- The problem:
Pictures in the listing below are skipped, while the lines from the "Yoldaki İşaretler –" line through the "Bill Bradley Quotes: Leadership" line are returned word for word.

- Data provided:
────────────────

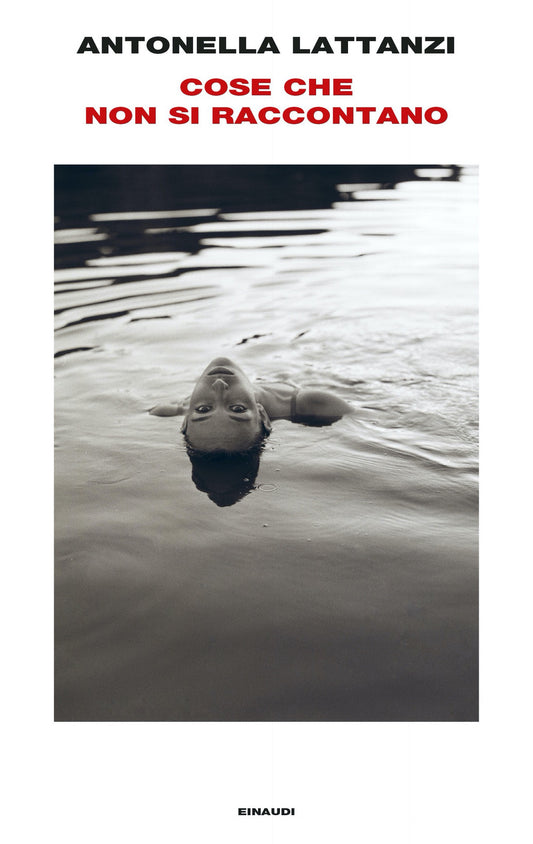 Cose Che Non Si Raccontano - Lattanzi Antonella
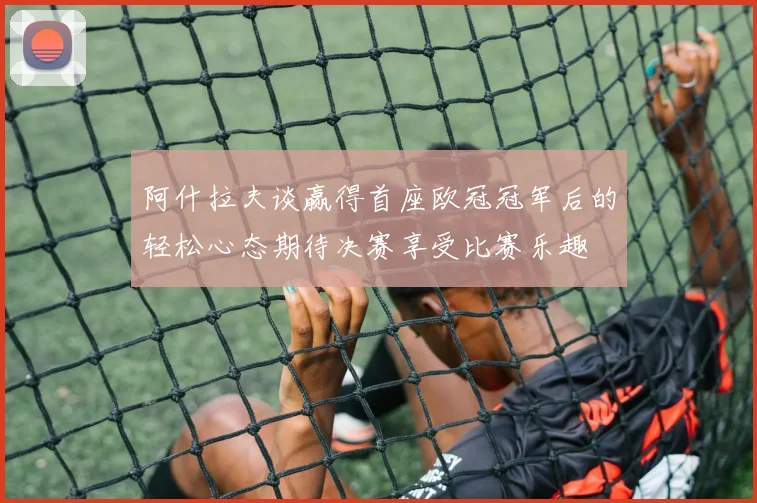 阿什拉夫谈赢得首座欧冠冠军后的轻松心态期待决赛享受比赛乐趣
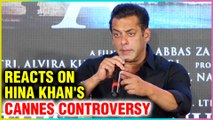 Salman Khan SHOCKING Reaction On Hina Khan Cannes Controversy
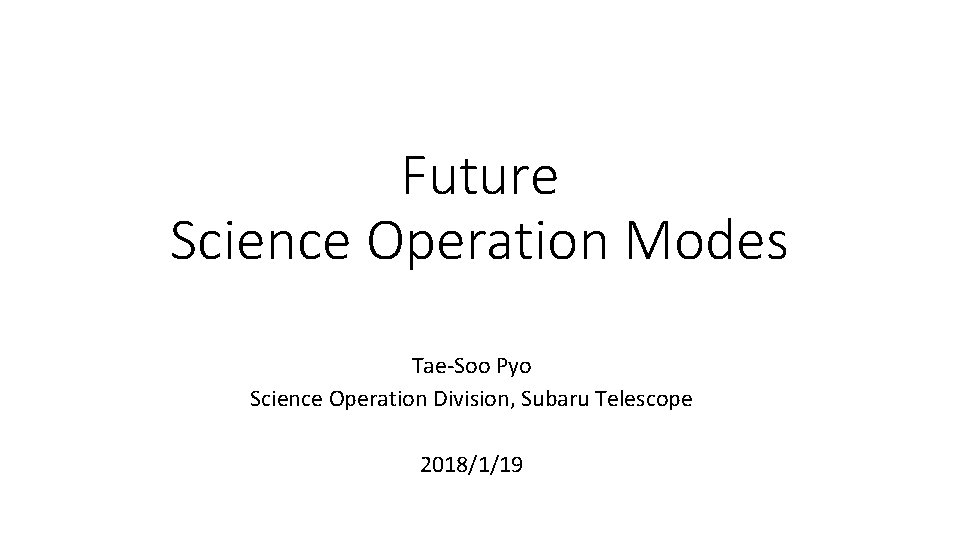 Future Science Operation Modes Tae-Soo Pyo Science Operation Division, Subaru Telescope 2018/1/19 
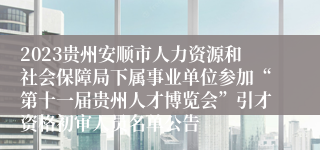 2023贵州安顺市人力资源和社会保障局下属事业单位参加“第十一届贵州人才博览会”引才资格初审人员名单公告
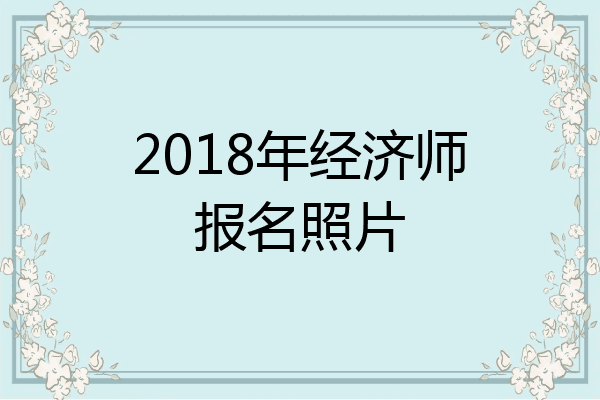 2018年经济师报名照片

────────────────

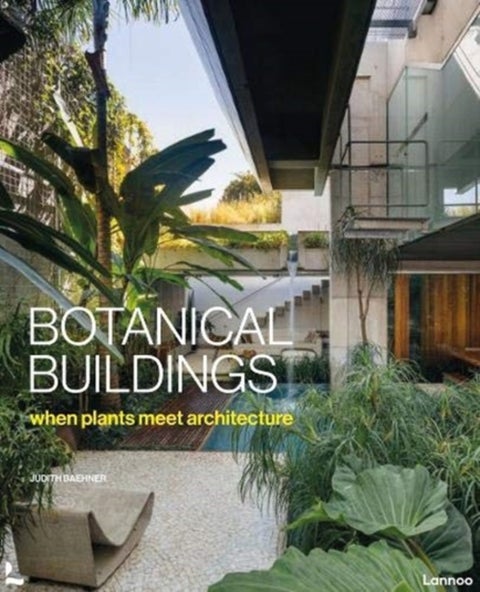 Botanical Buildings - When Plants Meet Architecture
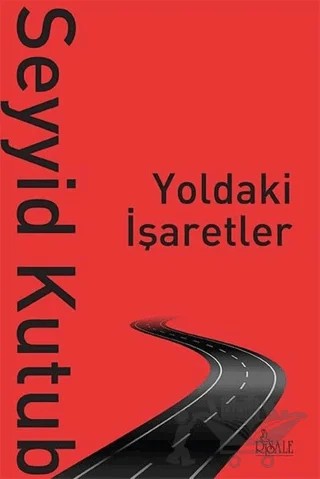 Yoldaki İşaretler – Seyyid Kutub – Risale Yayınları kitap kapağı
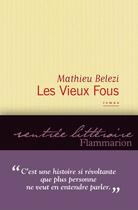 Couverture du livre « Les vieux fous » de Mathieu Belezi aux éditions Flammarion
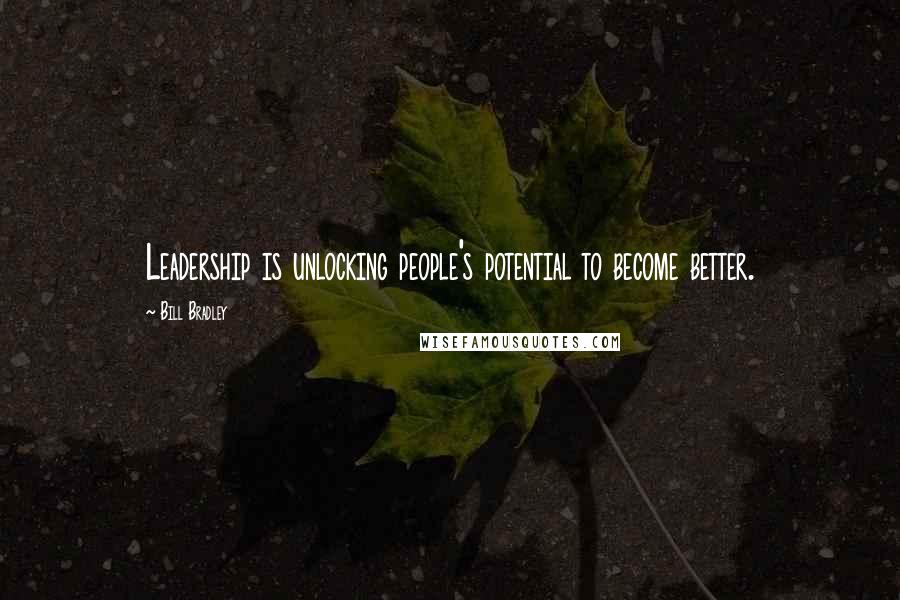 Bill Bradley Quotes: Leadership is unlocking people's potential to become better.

────────────────

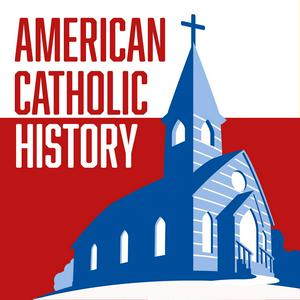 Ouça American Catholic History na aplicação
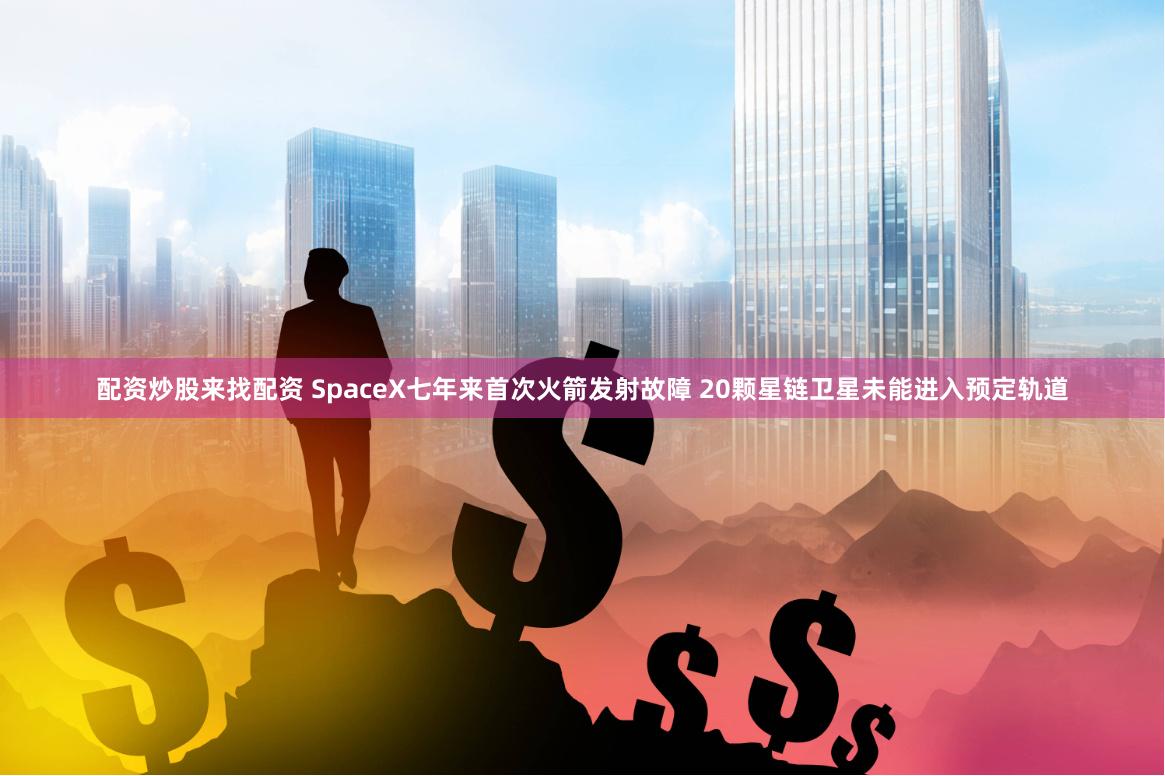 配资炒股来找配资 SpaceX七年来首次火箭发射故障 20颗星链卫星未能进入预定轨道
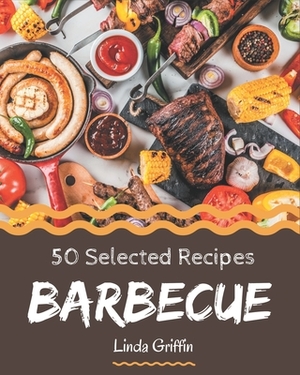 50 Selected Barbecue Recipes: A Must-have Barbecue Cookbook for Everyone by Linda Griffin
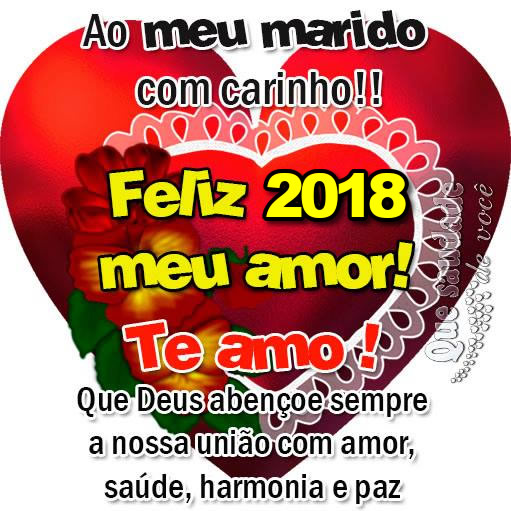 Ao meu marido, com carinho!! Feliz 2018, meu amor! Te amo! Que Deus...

────────────────

- Response for this exercise:
 Yoldaki İşaretler – Seyyid Kutub – Risale Yayınları kitap kapağı
 Couverture du livre « Les vieux fous » de Mathieu Belezi aux éditions Flammarion
 Bill Bradley Quotes: Leadership is unlocking people's potential to become better.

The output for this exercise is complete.